Reporter: Dina Mirayanti Hutauruk | Editor: Herlina Kartika Dewi
KONTAN.CO.ID - JAKARTA. Restrukturisasi kredit perbankan yang terdampak Covid-19 semakin menurun seiring pulihnya bisnis beberapa debitur yang sempat jatuh. Kendati begitu, outstanding restrukturisasi tersebut masih cukup besar.
Sementara relaksasi restrukturisasi Covid-19 yang diberikan Otoritas Jasa Keuangan (OJK) hanya berlaku hingga Maret 2023. Jika relaksasi itu tidak diperpanjang maka kemungkinan besar rasio kredit bermasalah atau Non Performing Loan (NPL) perbankan akan melonjak mengingat restrukturisasi Covid-19 yang masuk kategori berisiko tinggi dan risiko menengah juga tinggi.

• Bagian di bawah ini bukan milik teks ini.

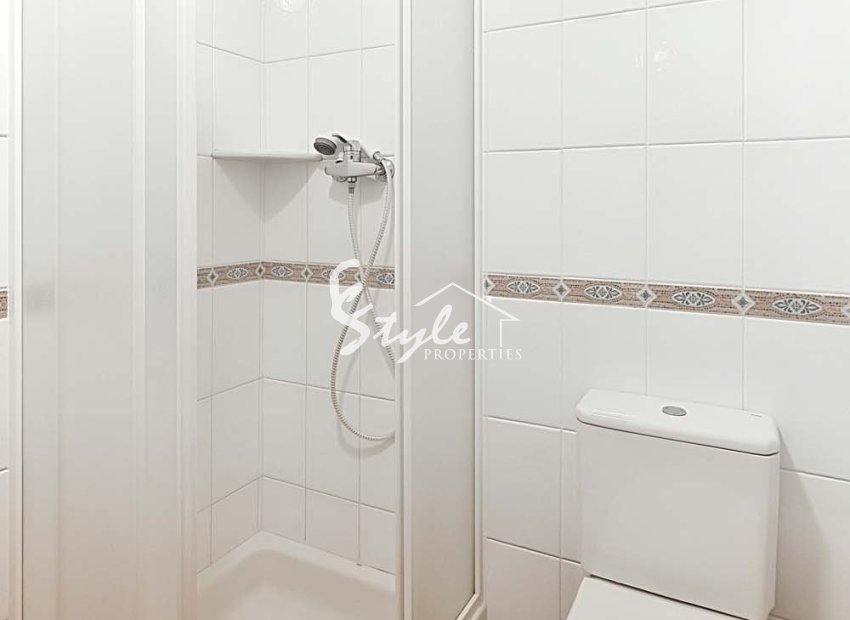 Reventa - Apartamento - La Mata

PT Bank Negara Indonesia Tbk (BNI) mencatatkan outstanding restrukturisasi Covid-19 secara konsolidasi sebesar Rp 62,9 triliun per Juni 2022. Angka tersebut sudah turun Rp 9,2 triliun dari akhir 2021.
Baca Juga: Ini Sektor Debitur Perbankan yang Masih Sulit Bangkit dari Dampak Covid-19
Namun dari jumlah itu, sekitar 3,5% sudah turun jadi NPL, 12,2% masuk dalam perhatian khusus, dan 84,1% masih dalam ketegori lancar.
David Pirzada Direktur Manajemen Risiko BNI mengungkapkan, debitur yang sulit bangkit masih berasal dari sektor hotel, akomodasi, dan pariwisata, terutama di Bali yang memang mengandalkan lalu lintas turis mancanegara.
"Kalau hanya dari peningkatan turis domestik saja, masih belum akan bisa mengangkat kondisi sektor pariwisata di Bali," kata David pada Kontan.co.id, Minggu (21/8).
Sementara sektor-sektor lainnya, kata David, sudah menunjukkan perbaikan walaupun terdapat tekanan karena kondisi ekonomi global.
BNI terus melakukan pemetaan terhadap debitur-debitur yang masih melakukan restrukturisasi Covid-19. Untuk mengantisipasi resiko kredit tersebut, David bilang, perseroan sudah melakukan pencadangan 20% terhadap seluruh portofolio restrukturisasi Covid-19.